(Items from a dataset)

■ ■ ■ ■ ■

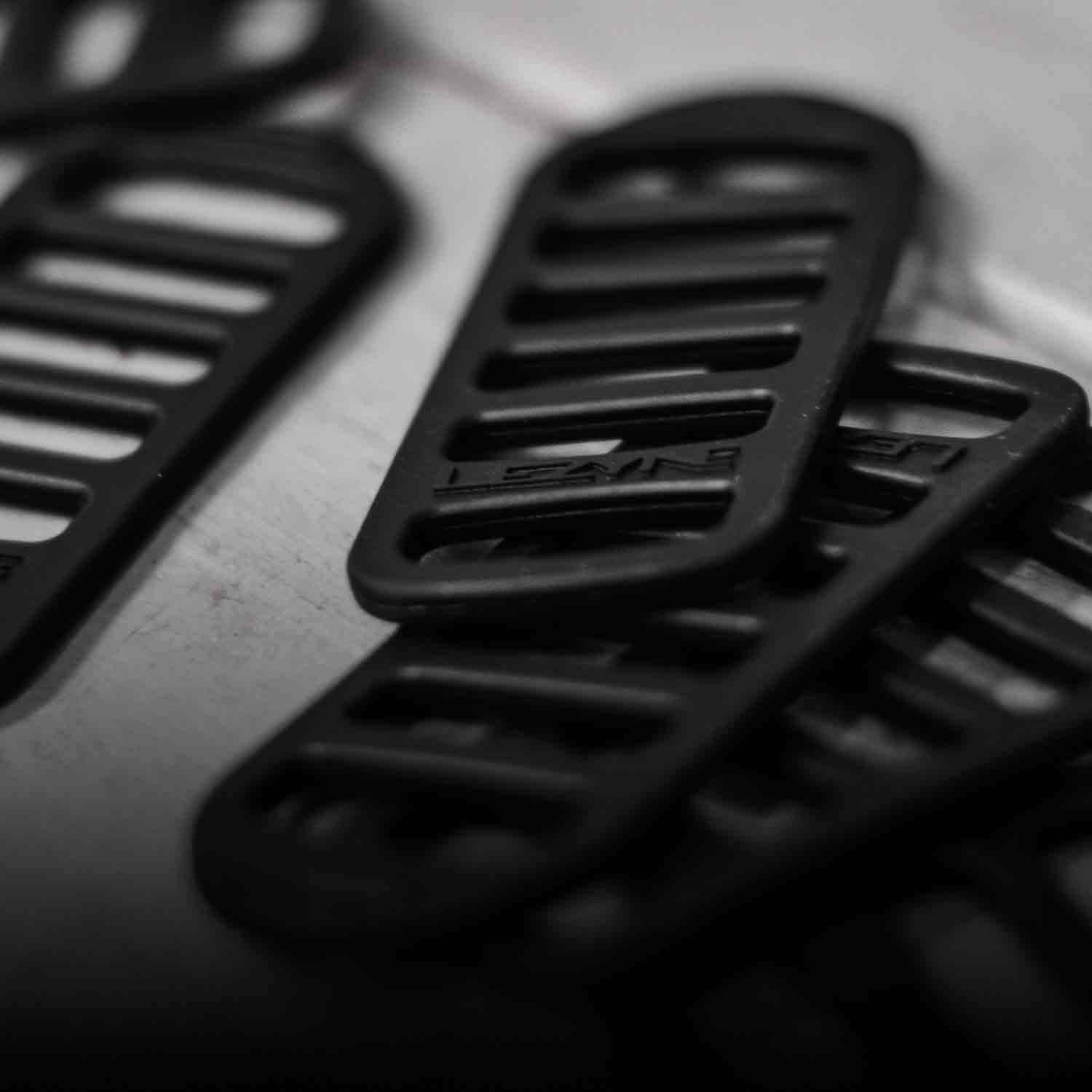 Several rubber mounting straps.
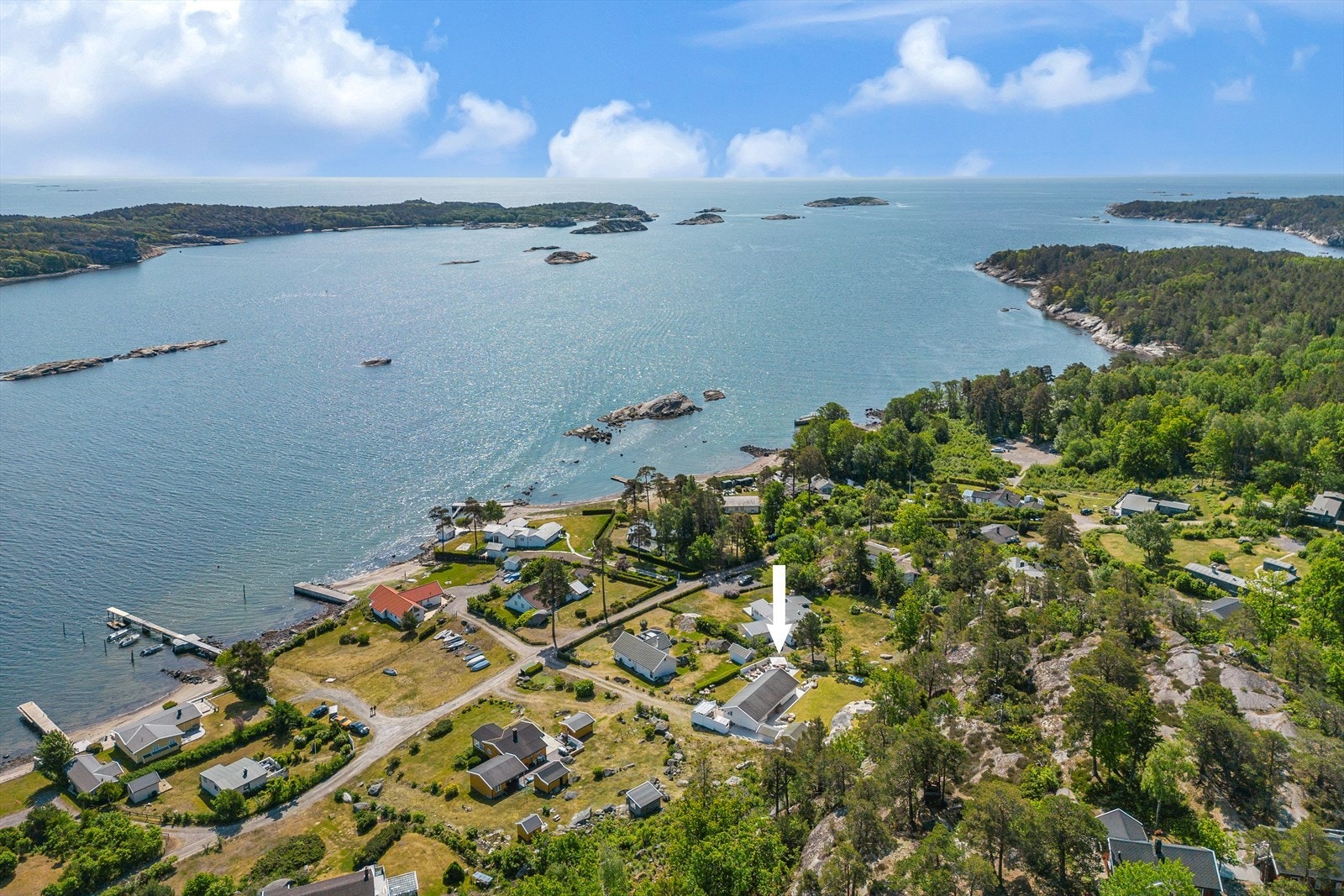 Vesterøya har et spennende og kupert landskap med populære, barnevennlige badeplasser. Det er å mulig på båtforeningens området ha vinteropplagring av båt. Galleribilde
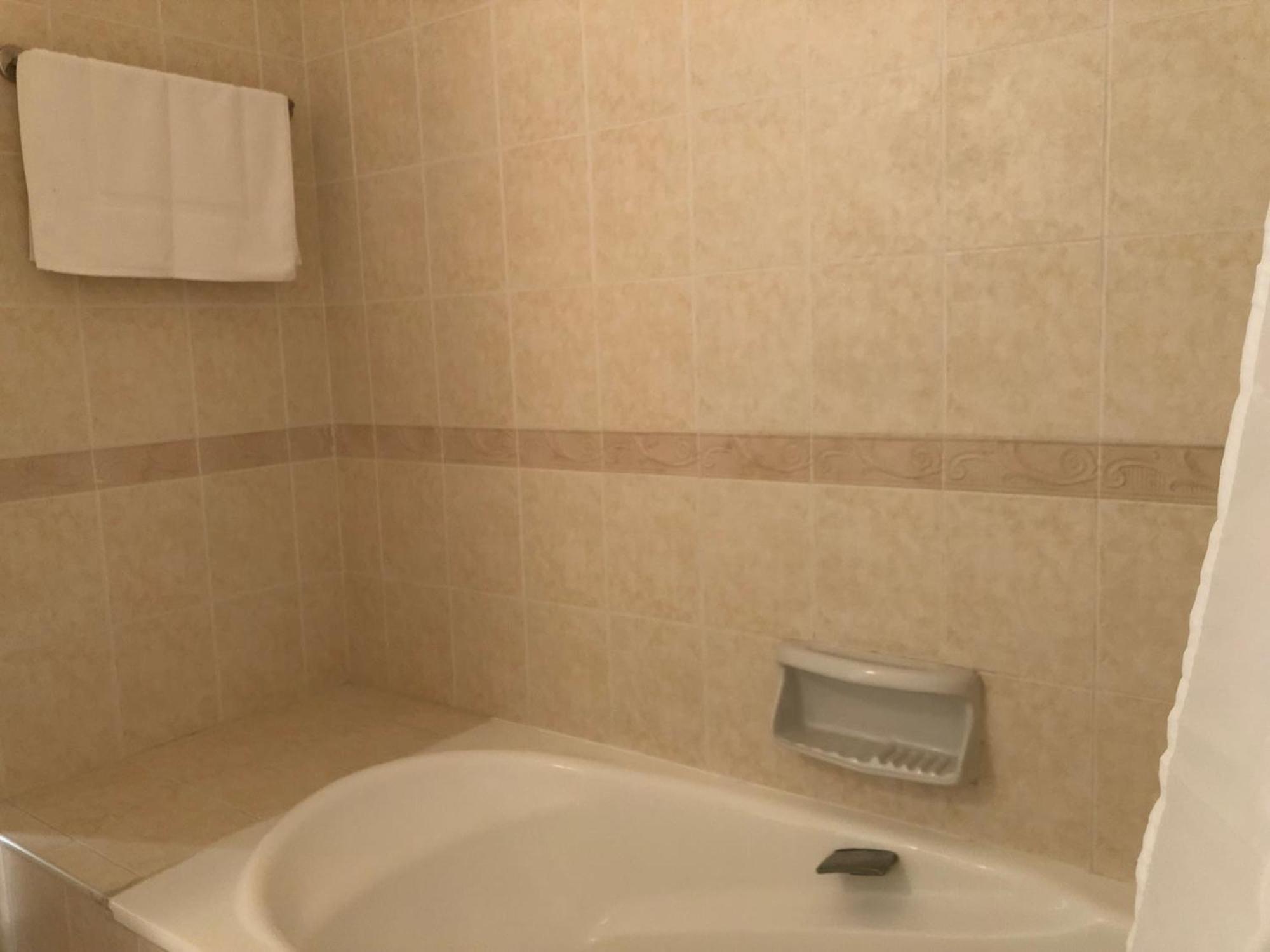 Limnaria Gardens - 1 Bedroom, Sunny Apartment With Stunning Pool Views بافوس المظهر الخارجي الصورة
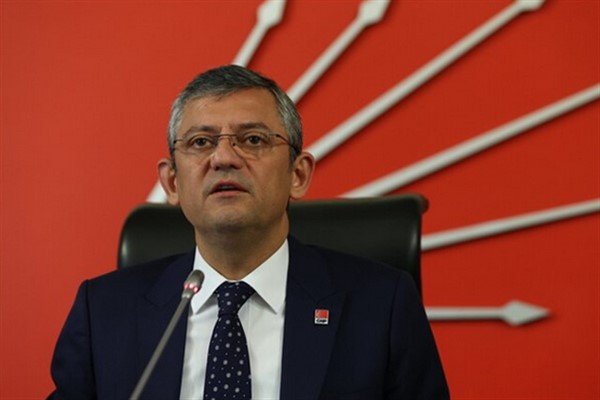 CHP Genel Başkanı Özel'den, oyuncu Ahmet Uğurlu için taziye mesajı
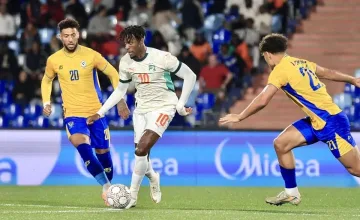 Кот д'Ивоар и Камерун оцеляха след драми и продължават напред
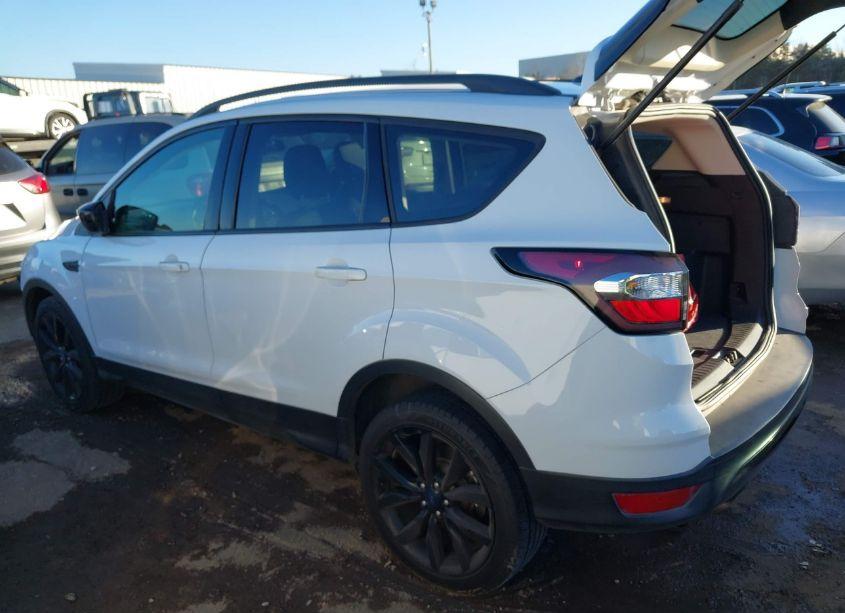 Photo 3 of 2018 Ford Escape SE (VIN 1FMCU0GD7JUD28872)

■ ■ ■ ■ ■

▶ **Task instructions**
Leave out the images and write out the lines above exactly, from the one with "Vesterøya har et" up to and including the one with "CHP Genel Başkanı".

▶ **Task solution**
 Vesterøya har et spennende og kupert landskap med populære, barnevennlige badeplasser. Det er å mulig på båtforeningens området ha vinteropplagring av båt. Galleribilde
 Limnaria Gardens - 1 Bedroom, Sunny Apartment With Stunning Pool Views بافوس المظهر الخارجي الصورة
 CHP Genel Başkanı Özel'den, oyuncu Ahmet Uğurlu için taziye mesajı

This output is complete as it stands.